WHAT NEEDS TO BE DONE ▸ Copy every line of the entries that has the string "Flowers" in it.
RECORDS TO PROCESS below:
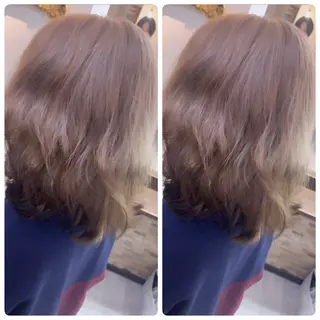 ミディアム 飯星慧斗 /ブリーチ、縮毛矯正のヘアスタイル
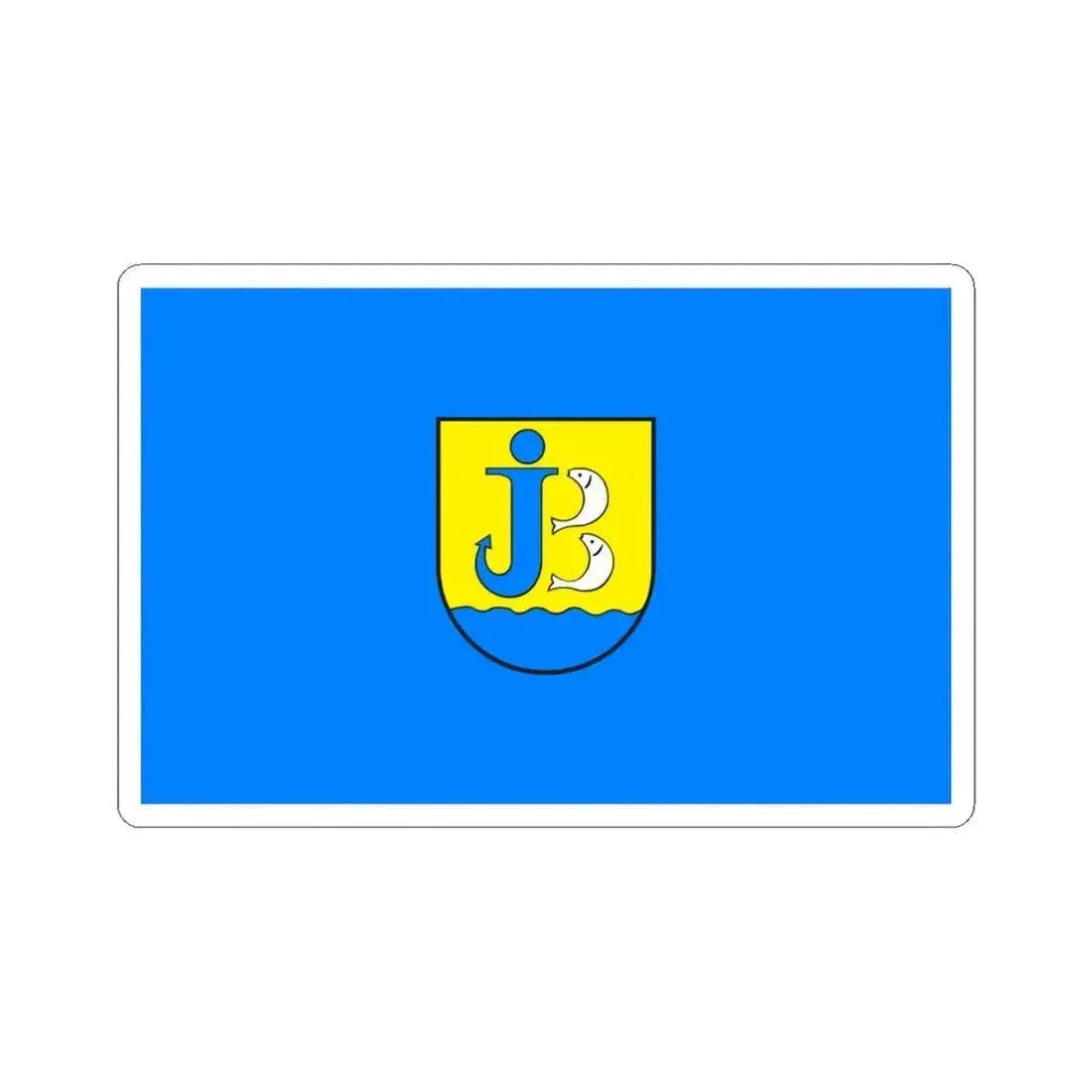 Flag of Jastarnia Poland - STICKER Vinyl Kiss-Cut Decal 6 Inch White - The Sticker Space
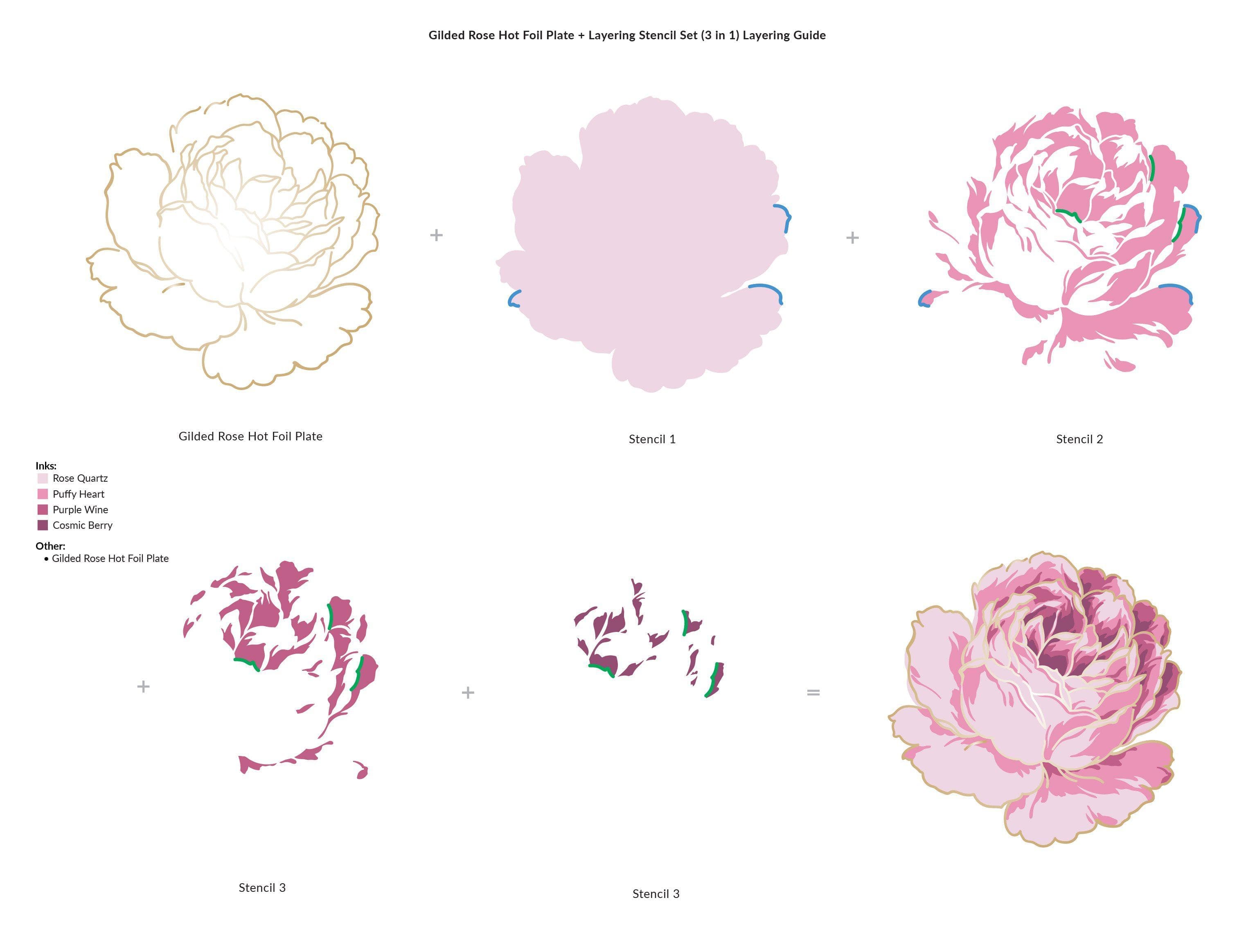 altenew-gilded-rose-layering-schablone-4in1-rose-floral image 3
End of RECORDS TO PROCESS.
RECORDS TO PROCESS below:
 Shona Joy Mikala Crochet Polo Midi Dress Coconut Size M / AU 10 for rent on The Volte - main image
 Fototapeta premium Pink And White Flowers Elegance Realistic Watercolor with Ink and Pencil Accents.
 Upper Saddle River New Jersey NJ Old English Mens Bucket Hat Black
End of RECORDS TO PROCESS.
RECORDS TO PROCESS below:
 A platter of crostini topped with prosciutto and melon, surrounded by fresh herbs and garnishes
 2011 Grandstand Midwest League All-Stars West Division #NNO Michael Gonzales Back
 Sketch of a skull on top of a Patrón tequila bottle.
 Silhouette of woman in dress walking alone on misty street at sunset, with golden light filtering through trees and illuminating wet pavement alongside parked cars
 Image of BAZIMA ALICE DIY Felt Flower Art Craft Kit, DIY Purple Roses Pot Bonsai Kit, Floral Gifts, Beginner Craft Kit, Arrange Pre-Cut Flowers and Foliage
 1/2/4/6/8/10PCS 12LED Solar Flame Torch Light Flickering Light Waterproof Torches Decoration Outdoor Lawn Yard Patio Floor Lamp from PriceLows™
End of RECORDS TO PROCESS.
ANSWER AREA ▸
 Fototapeta premium Pink And White Flowers Elegance Realistic Watercolor with Ink and Pencil Accents.
 Image of BAZIMA ALICE DIY Felt Flower Art Craft Kit, DIY Purple Roses Pot Bonsai Kit, Floral Gifts, Beginner Craft Kit, Arrange Pre-Cut Flowers and Foliage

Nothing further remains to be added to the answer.